INFORMATION GIVEN
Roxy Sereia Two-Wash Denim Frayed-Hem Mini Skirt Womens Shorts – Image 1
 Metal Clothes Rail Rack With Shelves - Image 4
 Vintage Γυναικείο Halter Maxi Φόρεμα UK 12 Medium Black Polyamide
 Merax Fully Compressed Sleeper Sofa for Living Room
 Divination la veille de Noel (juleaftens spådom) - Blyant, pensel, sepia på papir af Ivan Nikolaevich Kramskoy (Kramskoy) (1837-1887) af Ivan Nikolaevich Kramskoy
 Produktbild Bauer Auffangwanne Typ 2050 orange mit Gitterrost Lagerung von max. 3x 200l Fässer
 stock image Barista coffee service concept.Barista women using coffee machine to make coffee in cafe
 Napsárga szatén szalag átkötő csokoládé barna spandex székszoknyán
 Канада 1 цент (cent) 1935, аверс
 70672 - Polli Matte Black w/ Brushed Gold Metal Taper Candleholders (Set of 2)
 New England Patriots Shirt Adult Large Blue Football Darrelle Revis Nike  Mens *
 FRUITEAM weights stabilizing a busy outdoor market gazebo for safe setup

GOAL OF THE EXERCISE
In the answer, each entry from the listing must be transcribed exactly.

OUTPUT FOR THIS TASK
Roxy Sereia Two-Wash Denim Frayed-Hem Mini Skirt Womens Shorts – Image 1
 Metal Clothes Rail Rack With Shelves - Image 4
 Vintage Γυναικείο Halter Maxi Φόρεμα UK 12 Medium Black Polyamide
 Merax Fully Compressed Sleeper Sofa for Living Room
 Divination la veille de Noel (juleaftens spådom) - Blyant, pensel, sepia på papir af Ivan Nikolaevich Kramskoy (Kramskoy) (1837-1887) af Ivan Nikolaevich Kramskoy
 Produktbild Bauer Auffangwanne Typ 2050 orange mit Gitterrost Lagerung von max. 3x 200l Fässer
 stock image Barista coffee service concept.Barista women using coffee machine to make coffee in cafe
 Napsárga szatén szalag átkötő csokoládé barna spandex székszoknyán
 Канада 1 цент (cent) 1935, аверс
 70672 - Polli Matte Black w/ Brushed Gold Metal Taper Candleholders (Set of 2)
 New England Patriots Shirt Adult Large Blue Football Darrelle Revis Nike  Mens *
 FRUITEAM weights stabilizing a busy outdoor market gazebo for safe setup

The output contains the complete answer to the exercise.